Reviewer: Dave Cunningham
The format for ‘solo’ shows by rock artists is well-established. The stage will feature a wall of guitars each carefully tuned to be used for a specific song and there will be a variety of other instruments, such as keyboards, to add texture. For Richard Thompson The Solo Tour means what it says on the tin- you get the artist with one guitar and that’s that. Well no, there is also Thompson’s astonishing virtuosity and a back catalogue of songs to die for.
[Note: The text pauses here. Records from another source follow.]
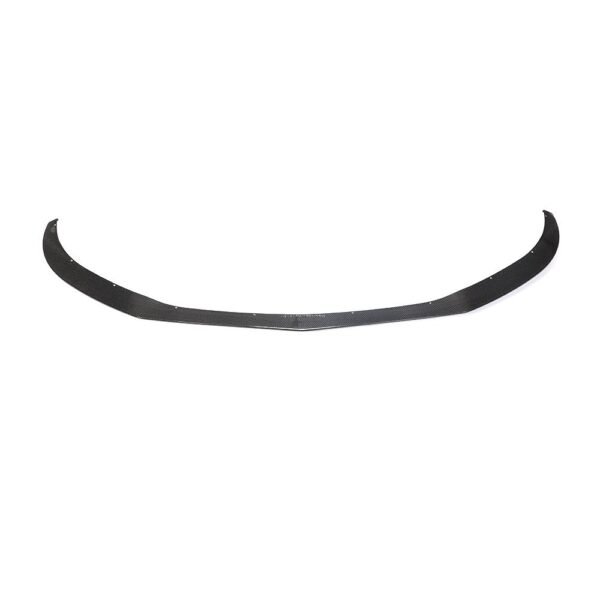 PSM Style Carbon Fiber Front Lip - Mercedes Benz W205 C63 AMG - Image 4
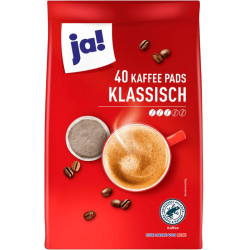 ja! Kaffepuder Klassisk
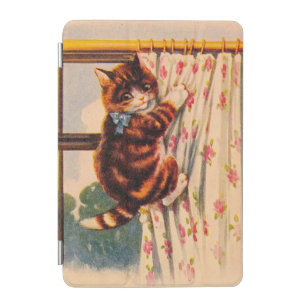 Hanging Kitten iPad Smart Cover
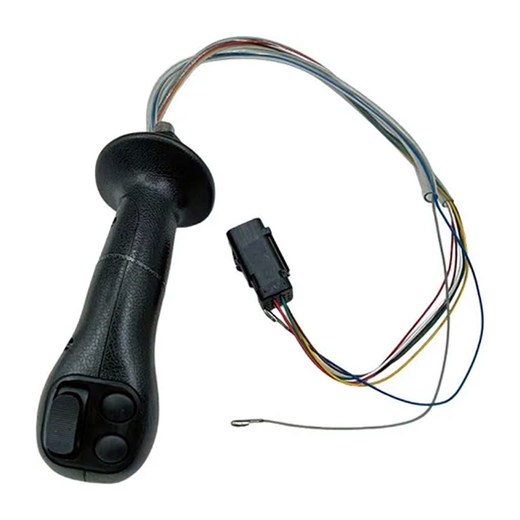 Joystick Controller 297-4587 297-4588 for Caterpillar CAT Engine 3066 3126 Excavator 318C 320C 321C 322C 325C 330C 385B - KUDUPARTS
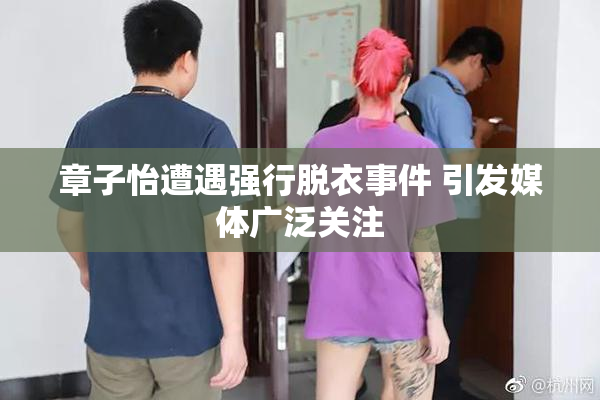 章子怡遭遇强行脱衣事件 引发媒体广泛关注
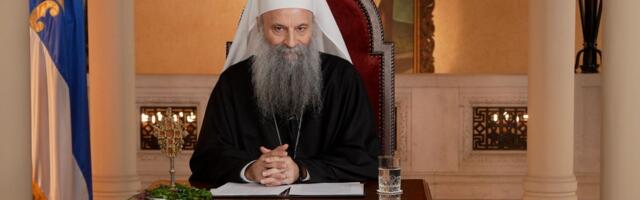Patrijarh Porfirije obišao imanje manastira Visoki Dečani na Veliki ponedeljak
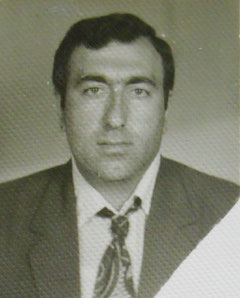 ՎԱՀԱԳ ԵՂԱԶԱՐՅԱՆ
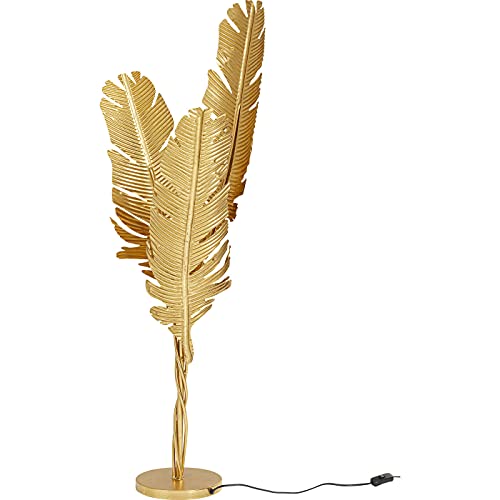 kare-design-stehleuchte-akile-123cm-gold-feder-design-stehlampe image 7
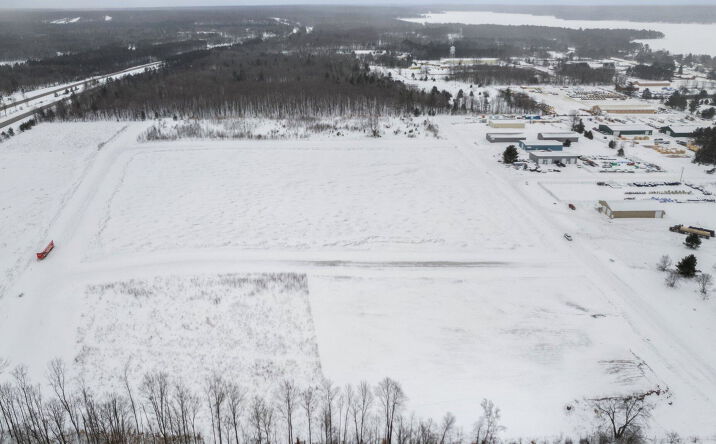 Pictures of Land property located at Eagle Parkway, Gaylord, MI 49735 for sales - image #1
There is no reason to complain about lack of variety in this acoustic show. When playing as part of a group Thompson always includes acoustic numbers but tends to limit the choice to a few favourites. To hear songs that are rarely played live is a privilege. The quality of the guitar work is so high and so complex that, closing one’s eyes, it is easy to imagine that there is more than one person playing. Thompson’s range is amazing running from fiery rockers like Valerie to tender ballads such as Beeswing -making a welcome return to the setlist after being absent for some years. The subject matter of the songs is also unusual – for Thompson a love triangle is a boy, a girl and a motorcycle.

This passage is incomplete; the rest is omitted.